## EXERCISE PROMPT
What is needed is a verbatim copy of the data, minus the pictures.

## DATA TO EXAMINE

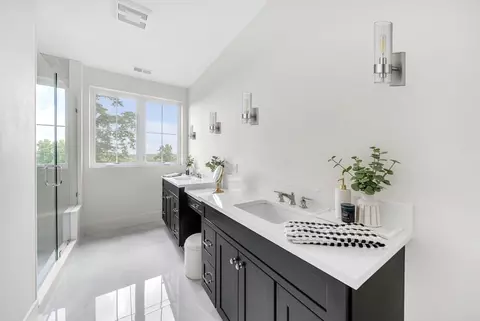 Bath - 20 Crescent Rd #20, Needham, MA 02494 photo 1 of 5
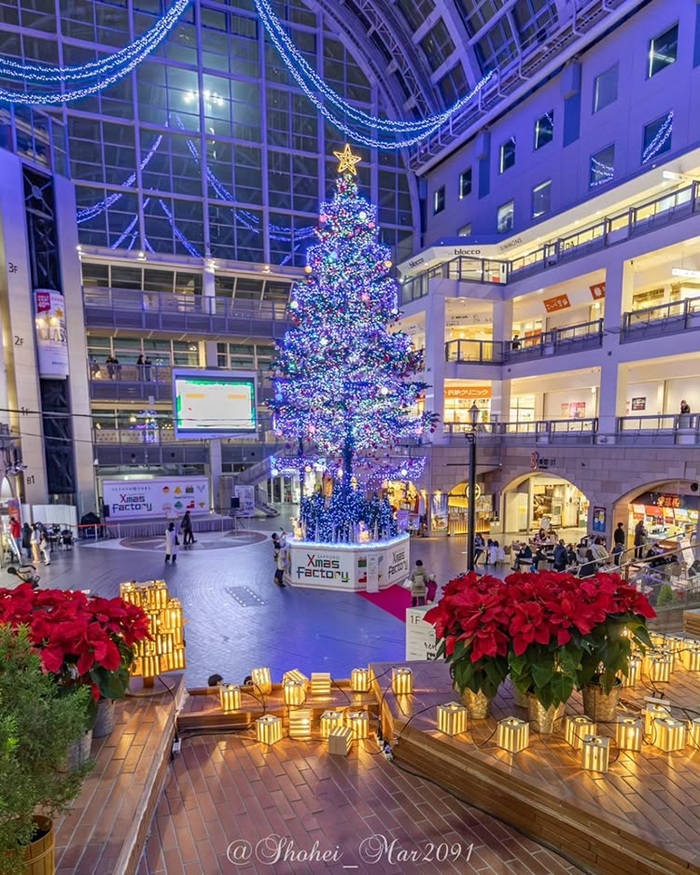 Sự giao thoa nét cổ điển và hiện đại tại Sapporo Factory. Nguồn: shohei_mar2091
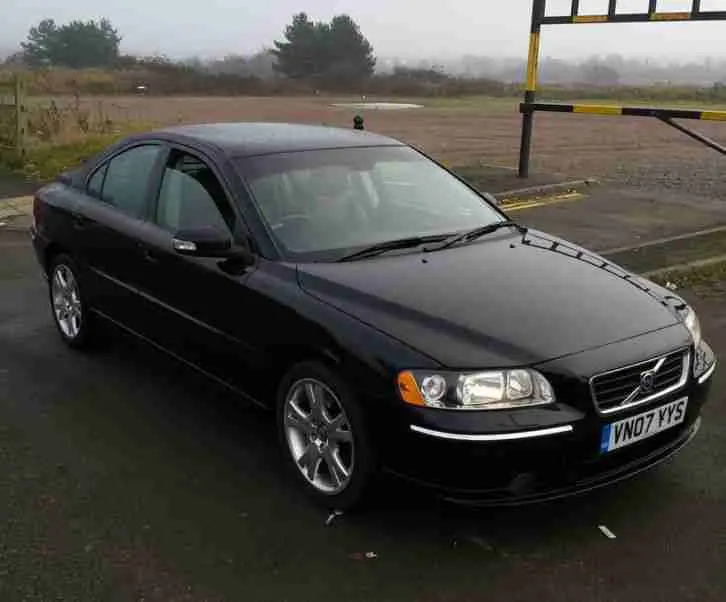 Volvo S60 S60 2.4 D D5 Premium Edition 1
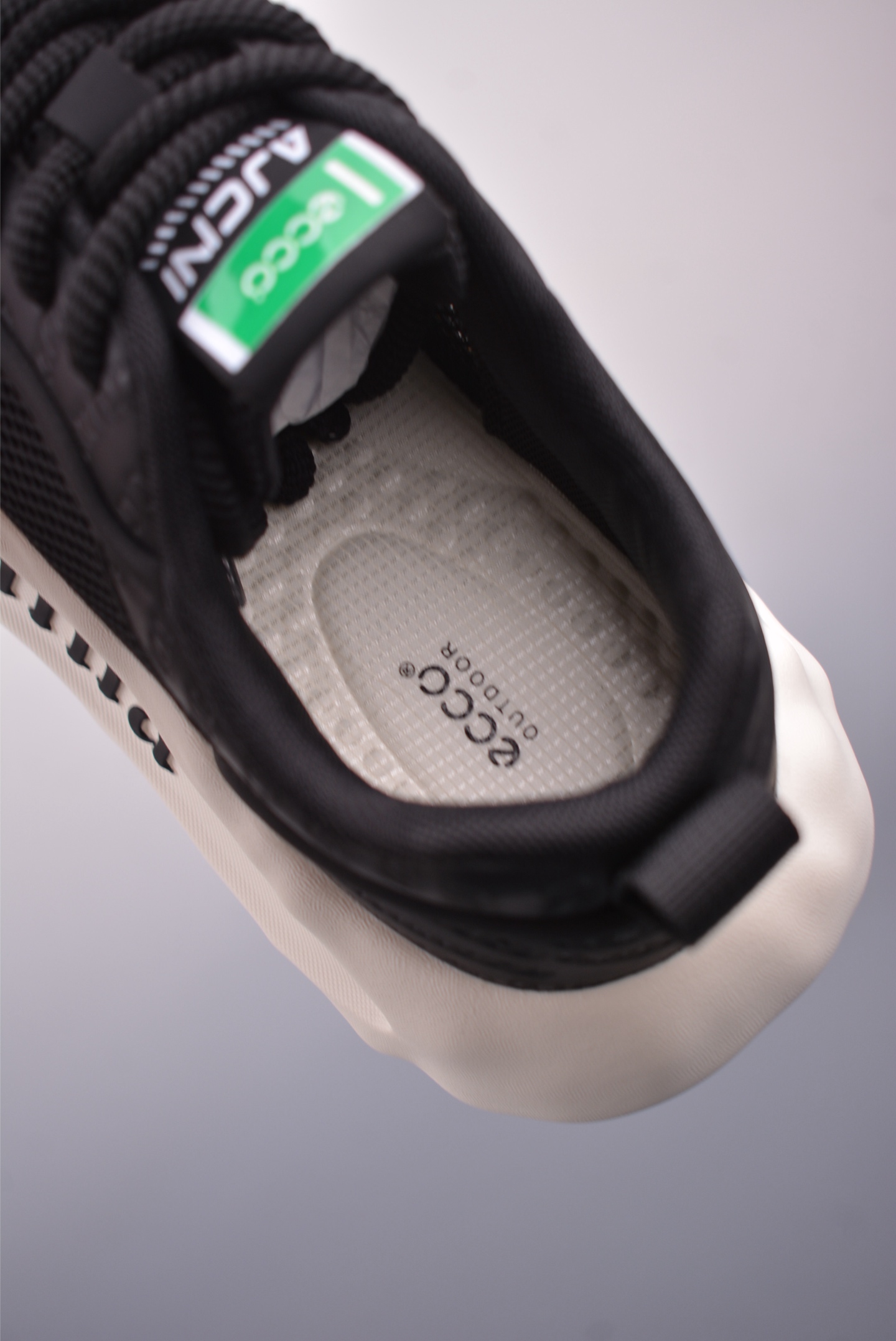 Ecco Men's Lightweight Street Style Sneakers - Breathable, Flexible, and Durable 9 i1750114024432 7711 0 8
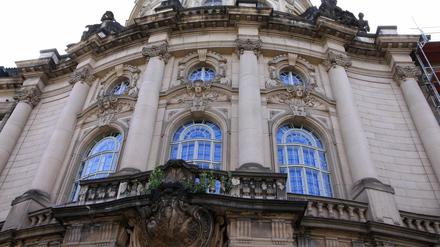 Hier drinnen rumort es: Oberbürgermeister Jann Jakobs (SPD) ordnet die Machtverhältnisse im Rathaus neu.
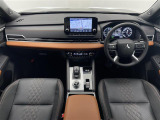 アウトランダー PHEV 2.4 P 4WD 本革シート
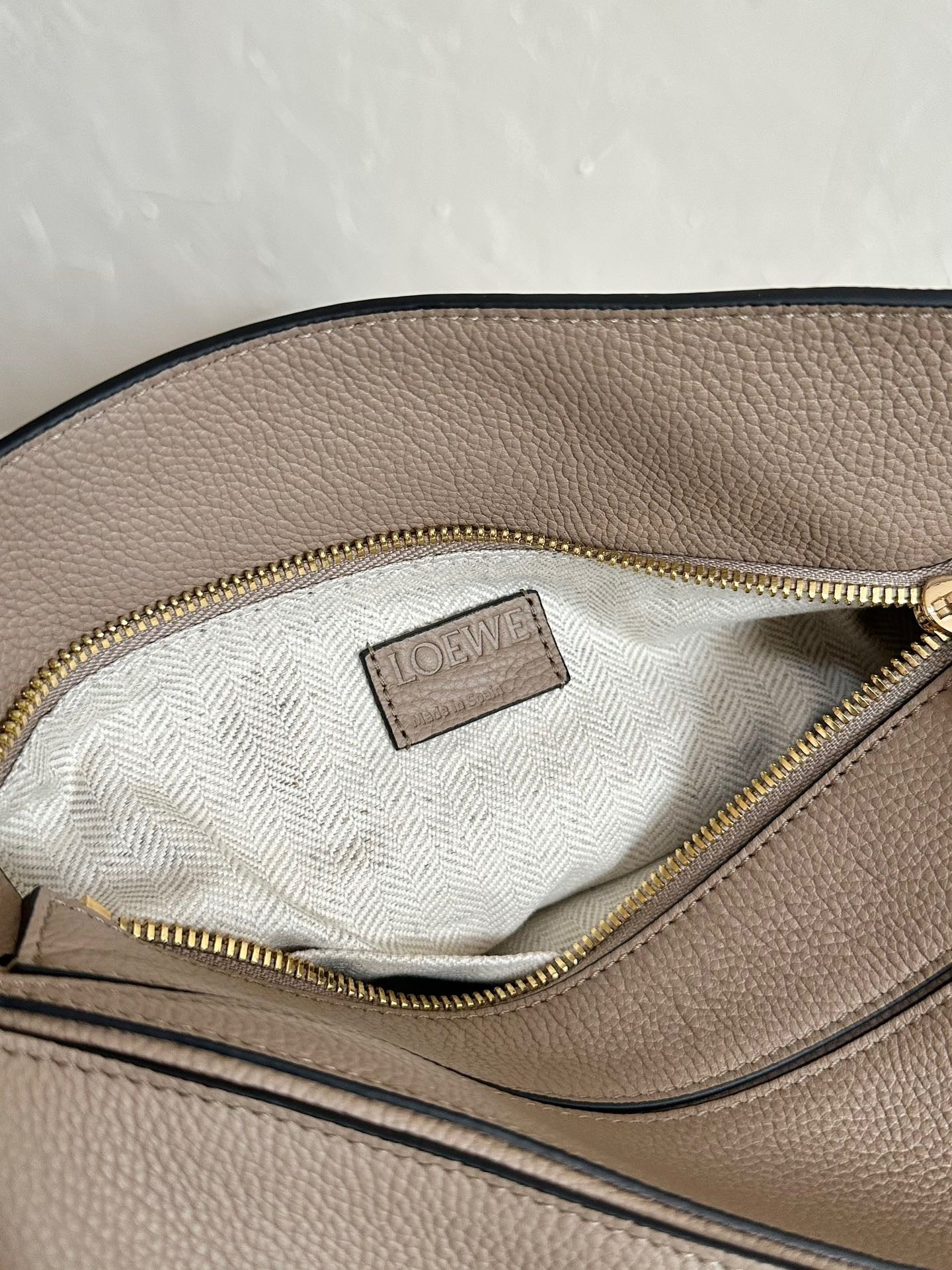 LOEW SMALL PUZZLE EDGE BAG
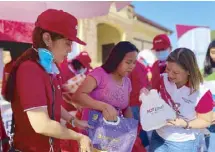  ??  ?? PLDT community relations head Katherine Diaz de Rivera (left) and PLDT-Smart Foundation president Esther Santos (right) in Santo Tomas North Central School in Batangas.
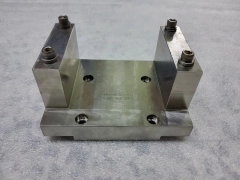 Applied Materials 0020-33416 BRACKET,HINGE,R2 AMAT (M)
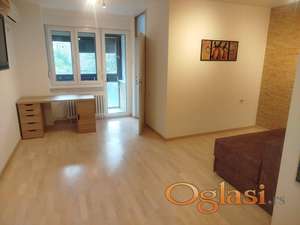 BULEVAR OSLOBOĐENJA 49m2 NAMEŠTEN 2.0, USELJIV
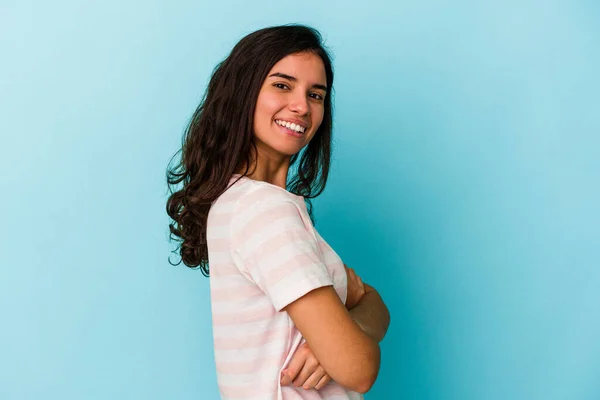 Joven Mujer Caucásica Aislada Sobre Fondo Azul Feliz Sonriente Alegre — Foto de Stock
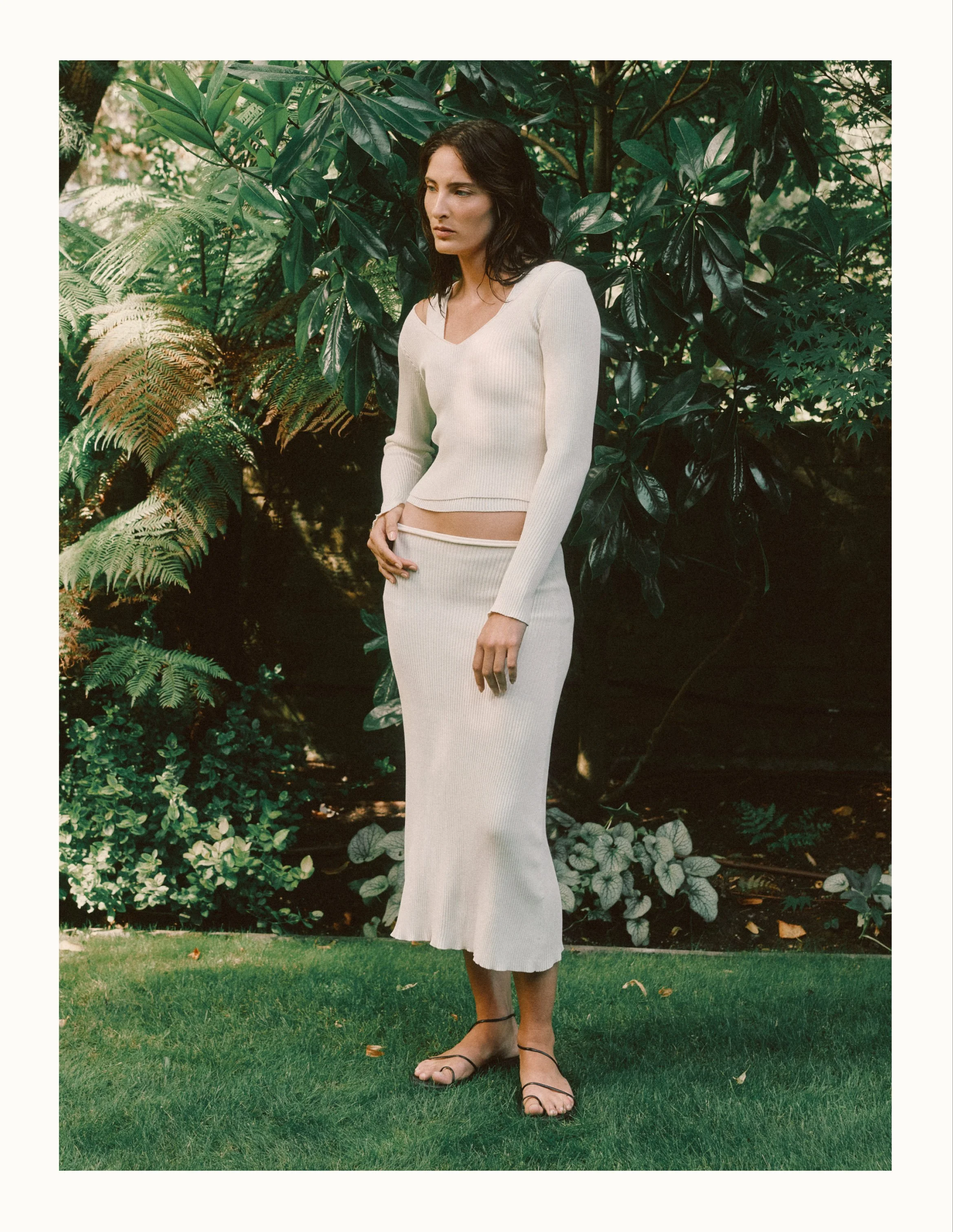 ELAINE FIELD // LE SOLEIL NOIR - RESORT ‘26

Photography: Jess Segal | Creative Direction: Lara Rogers |  Styling: Aurelia Donaldson | Model: Annie Tice | Hair: Tom Arnett | Make Up: Luz Giraldo | Lighting: Luke Stulinski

## SOLUTION
 Bath - 20 Crescent Rd #20, Needham, MA 02494 photo 1 of 5
 Sự giao thoa nét cổ điển và hiện đại tại Sapporo Factory. Nguồn: shohei_mar2091
 Volvo S60 S60 2.4 D D5 Premium Edition 1
 Ecco Men's Lightweight Street Style Sneakers - Breathable, Flexible, and Durable 9 i1750114024432 7711 0 8
 Hier drinnen rumort es: Oberbürgermeister Jann Jakobs (SPD) ordnet die Machtverhältnisse im Rathaus neu.
 アウトランダー PHEV 2.4 P 4WD 本革シート
 LOEW SMALL PUZZLE EDGE BAG
  ??  ?? PLDT community relations head Katherine Diaz de Rivera (left) and PLDT-Smart Foundation president Esther Santos (right) in Santo Tomas North Central School in Batangas.
 Applied Materials 0020-33416 BRACKET,HINGE,R2 AMAT (M)
 BULEVAR OSLOBOĐENJA 49m2 NAMEŠTEN 2.0, USELJIV
 Joven Mujer Caucásica Aislada Sobre Fondo Azul Feliz Sonriente Alegre — Foto de Stock
 ELAINE FIELD // LE SOLEIL NOIR - RESORT ‘26

Photography: Jess Segal | Creative Direction: Lara Rogers |  Styling: Aurelia Donaldson | Model: Annie Tice | Hair: Tom Arnett | Make Up: Luz Giraldo | Lighting: Luke Stulinski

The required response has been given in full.